*** Records for the task Section Begins ***

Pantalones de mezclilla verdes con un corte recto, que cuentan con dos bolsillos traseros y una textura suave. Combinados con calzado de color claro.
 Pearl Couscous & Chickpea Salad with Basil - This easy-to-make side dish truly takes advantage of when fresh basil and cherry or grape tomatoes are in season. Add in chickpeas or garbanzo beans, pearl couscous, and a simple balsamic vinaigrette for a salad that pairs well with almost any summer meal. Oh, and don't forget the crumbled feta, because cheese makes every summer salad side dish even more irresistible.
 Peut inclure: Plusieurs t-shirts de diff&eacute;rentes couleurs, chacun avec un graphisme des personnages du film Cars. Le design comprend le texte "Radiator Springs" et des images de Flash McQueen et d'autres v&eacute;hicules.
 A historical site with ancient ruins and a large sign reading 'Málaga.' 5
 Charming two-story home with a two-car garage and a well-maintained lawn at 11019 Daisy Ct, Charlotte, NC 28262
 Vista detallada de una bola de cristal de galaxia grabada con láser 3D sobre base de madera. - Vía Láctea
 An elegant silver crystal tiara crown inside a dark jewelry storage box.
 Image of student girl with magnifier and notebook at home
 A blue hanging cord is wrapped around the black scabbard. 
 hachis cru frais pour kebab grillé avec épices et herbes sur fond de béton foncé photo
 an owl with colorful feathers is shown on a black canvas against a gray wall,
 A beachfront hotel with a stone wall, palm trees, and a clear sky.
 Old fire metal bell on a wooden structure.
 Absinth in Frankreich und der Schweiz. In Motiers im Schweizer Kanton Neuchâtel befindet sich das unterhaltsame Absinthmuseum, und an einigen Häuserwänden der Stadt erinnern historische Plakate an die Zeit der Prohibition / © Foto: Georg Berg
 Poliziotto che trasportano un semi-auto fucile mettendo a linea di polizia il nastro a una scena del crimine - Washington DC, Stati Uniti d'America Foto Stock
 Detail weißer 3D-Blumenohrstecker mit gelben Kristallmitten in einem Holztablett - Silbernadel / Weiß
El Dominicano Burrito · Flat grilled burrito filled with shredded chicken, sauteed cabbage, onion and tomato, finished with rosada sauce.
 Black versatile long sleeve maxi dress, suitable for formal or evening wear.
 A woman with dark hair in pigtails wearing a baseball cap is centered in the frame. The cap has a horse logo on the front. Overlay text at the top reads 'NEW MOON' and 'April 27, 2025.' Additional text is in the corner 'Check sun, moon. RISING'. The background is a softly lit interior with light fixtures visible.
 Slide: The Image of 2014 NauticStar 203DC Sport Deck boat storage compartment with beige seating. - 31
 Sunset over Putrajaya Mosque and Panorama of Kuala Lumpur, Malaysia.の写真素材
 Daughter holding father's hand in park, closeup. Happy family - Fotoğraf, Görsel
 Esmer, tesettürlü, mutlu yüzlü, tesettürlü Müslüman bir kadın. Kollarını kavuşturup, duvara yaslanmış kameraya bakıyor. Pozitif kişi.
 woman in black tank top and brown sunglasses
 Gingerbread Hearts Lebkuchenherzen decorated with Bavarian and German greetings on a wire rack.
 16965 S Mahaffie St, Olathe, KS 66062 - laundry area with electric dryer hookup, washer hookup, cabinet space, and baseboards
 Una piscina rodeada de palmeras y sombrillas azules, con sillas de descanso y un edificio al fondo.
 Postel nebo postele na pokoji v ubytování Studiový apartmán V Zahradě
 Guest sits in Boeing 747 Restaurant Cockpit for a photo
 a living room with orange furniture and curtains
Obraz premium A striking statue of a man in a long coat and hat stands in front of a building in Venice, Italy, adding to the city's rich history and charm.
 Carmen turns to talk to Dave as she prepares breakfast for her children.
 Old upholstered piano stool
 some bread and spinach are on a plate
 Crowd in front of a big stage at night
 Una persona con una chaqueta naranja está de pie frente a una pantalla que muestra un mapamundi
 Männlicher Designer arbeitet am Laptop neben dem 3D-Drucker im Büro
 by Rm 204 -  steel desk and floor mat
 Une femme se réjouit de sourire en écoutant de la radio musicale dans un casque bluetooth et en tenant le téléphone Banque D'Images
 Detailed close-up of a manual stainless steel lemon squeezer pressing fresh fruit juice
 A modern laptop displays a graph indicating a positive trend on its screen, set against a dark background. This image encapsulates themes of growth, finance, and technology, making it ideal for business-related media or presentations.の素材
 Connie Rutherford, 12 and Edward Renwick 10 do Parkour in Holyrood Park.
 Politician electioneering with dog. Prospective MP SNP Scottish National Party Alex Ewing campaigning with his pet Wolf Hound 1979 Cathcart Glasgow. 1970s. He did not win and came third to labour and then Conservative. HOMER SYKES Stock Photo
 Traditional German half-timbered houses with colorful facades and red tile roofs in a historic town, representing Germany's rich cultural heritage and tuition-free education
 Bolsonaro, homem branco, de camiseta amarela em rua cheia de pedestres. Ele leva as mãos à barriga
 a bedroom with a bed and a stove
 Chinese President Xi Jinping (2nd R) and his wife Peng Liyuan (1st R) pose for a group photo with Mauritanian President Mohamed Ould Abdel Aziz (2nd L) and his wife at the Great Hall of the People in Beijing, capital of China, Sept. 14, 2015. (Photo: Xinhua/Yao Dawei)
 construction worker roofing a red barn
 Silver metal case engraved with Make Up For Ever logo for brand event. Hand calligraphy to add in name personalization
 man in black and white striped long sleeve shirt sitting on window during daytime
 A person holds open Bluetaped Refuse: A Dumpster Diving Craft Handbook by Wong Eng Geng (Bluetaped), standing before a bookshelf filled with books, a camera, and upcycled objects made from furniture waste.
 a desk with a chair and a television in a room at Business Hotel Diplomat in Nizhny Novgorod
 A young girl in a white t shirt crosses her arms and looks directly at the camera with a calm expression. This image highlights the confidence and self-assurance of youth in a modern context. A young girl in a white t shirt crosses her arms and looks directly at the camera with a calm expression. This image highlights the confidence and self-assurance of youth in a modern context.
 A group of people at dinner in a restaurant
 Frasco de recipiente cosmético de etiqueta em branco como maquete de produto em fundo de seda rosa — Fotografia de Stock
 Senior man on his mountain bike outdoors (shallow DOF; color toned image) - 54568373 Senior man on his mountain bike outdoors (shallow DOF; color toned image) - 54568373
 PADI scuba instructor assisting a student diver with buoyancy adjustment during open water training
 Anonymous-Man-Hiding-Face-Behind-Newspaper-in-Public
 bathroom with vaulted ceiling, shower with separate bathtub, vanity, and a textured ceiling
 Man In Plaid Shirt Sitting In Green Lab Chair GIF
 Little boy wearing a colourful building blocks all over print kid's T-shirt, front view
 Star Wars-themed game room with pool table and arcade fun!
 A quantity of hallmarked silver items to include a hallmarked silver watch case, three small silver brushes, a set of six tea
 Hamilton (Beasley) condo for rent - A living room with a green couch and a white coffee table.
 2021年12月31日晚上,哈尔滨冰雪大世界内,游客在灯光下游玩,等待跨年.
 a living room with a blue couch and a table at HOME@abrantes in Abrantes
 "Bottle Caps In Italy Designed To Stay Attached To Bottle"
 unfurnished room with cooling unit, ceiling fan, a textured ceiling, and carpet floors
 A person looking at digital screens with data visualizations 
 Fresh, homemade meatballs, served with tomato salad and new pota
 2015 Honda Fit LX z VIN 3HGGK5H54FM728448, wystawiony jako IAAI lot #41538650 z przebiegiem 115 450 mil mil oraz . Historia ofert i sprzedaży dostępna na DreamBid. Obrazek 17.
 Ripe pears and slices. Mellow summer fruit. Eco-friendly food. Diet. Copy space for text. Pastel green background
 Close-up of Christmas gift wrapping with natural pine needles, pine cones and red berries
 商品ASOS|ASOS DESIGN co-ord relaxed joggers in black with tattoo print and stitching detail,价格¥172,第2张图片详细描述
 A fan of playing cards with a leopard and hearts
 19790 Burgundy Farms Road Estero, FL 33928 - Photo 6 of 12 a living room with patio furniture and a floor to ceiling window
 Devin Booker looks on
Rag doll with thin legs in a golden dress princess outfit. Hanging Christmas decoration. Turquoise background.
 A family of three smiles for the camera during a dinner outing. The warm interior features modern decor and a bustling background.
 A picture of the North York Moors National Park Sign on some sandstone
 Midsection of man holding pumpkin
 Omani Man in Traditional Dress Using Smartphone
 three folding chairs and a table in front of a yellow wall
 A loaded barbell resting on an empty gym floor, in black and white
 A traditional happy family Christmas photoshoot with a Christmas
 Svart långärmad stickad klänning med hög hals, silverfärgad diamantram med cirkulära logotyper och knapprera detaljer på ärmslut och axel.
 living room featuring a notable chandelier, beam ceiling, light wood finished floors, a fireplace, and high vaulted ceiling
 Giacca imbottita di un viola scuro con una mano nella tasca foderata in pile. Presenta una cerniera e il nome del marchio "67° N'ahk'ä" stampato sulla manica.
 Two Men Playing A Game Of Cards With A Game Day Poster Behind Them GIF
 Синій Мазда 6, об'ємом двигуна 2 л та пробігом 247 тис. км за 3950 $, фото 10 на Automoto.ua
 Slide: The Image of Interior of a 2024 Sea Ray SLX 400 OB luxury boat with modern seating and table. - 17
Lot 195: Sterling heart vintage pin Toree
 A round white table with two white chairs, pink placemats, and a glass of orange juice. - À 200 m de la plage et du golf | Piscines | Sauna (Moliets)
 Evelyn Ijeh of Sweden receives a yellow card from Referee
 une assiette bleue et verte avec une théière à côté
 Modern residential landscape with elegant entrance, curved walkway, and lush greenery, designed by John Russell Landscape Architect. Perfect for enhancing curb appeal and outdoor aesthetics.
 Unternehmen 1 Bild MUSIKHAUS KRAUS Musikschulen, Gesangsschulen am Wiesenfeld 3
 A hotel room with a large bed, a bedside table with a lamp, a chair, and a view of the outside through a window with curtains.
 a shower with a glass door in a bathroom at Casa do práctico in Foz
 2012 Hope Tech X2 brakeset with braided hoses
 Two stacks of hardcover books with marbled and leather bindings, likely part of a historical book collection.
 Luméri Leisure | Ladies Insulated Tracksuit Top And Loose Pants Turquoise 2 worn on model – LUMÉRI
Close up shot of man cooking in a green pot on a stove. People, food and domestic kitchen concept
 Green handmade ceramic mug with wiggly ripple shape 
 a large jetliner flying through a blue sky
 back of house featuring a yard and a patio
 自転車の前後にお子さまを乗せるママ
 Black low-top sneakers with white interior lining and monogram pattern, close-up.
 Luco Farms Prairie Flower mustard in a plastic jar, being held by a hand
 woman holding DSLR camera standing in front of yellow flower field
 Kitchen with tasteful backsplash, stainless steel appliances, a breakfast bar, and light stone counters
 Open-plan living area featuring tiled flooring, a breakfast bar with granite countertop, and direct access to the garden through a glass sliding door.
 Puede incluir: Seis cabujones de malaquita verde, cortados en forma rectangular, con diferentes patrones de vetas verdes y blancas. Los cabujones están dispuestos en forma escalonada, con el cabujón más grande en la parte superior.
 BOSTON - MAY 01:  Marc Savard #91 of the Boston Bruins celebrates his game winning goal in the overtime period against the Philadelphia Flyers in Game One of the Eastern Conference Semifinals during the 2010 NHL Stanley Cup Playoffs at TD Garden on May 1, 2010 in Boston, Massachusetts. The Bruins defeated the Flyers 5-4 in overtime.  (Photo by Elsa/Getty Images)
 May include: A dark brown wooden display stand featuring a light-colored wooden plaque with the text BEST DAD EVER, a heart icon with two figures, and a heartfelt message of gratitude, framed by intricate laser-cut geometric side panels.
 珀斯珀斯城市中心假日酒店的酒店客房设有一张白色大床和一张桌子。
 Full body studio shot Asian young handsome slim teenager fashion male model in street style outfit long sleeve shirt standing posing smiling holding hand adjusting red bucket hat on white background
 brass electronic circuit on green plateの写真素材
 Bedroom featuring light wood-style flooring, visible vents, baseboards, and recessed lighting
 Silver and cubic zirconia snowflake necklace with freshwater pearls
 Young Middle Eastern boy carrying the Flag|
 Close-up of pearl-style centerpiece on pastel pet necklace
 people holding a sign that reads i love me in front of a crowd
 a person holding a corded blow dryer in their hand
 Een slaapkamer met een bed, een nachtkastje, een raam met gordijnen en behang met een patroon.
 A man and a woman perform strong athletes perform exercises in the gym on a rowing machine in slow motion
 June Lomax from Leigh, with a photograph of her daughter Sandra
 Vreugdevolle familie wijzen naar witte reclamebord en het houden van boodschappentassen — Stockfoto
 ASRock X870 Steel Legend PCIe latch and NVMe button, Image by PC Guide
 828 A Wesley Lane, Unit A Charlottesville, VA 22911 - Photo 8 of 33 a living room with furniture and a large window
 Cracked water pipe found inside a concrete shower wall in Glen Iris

*** Records for the task Section Ends ***

Reproduce exactly, and only, the part of the listing above that begins at the line with "a living room with a blue" and goes on through the line with "Svart långärmad stickad".

 a living room with a blue couch and a table at HOME@abrantes in Abrantes
 "Bottle Caps In Italy Designed To Stay Attached To Bottle"
 unfurnished room with cooling unit, ceiling fan, a textured ceiling, and carpet floors
 A person looking at digital screens with data visualizations 
 Fresh, homemade meatballs, served with tomato salad and new pota
 2015 Honda Fit LX z VIN 3HGGK5H54FM728448, wystawiony jako IAAI lot #41538650 z przebiegiem 115 450 mil mil oraz . Historia ofert i sprzedaży dostępna na DreamBid. Obrazek 17.
 Ripe pears and slices. Mellow summer fruit. Eco-friendly food. Diet. Copy space for text. Pastel green background
 Close-up of Christmas gift wrapping with natural pine needles, pine cones and red berries
 商品ASOS|ASOS DESIGN co-ord relaxed joggers in black with tattoo print and stitching detail,价格¥172,第2张图片详细描述
 A fan of playing cards with a leopard and hearts
 19790 Burgundy Farms Road Estero, FL 33928 - Photo 6 of 12 a living room with patio furniture and a floor to ceiling window
 Devin Booker looks on
Rag doll with thin legs in a golden dress princess outfit. Hanging Christmas decoration. Turquoise background.
 A family of three smiles for the camera during a dinner outing. The warm interior features modern decor and a bustling background.
 A picture of the North York Moors National Park Sign on some sandstone
 Midsection of man holding pumpkin
 Omani Man in Traditional Dress Using Smartphone
 three folding chairs and a table in front of a yellow wall
 A loaded barbell resting on an empty gym floor, in black and white
 A traditional happy family Christmas photoshoot with a Christmas
 Svart långärmad stickad klänning med hög hals, silverfärgad diamantram med cirkulära logotyper och knapprera detaljer på ärmslut och axel.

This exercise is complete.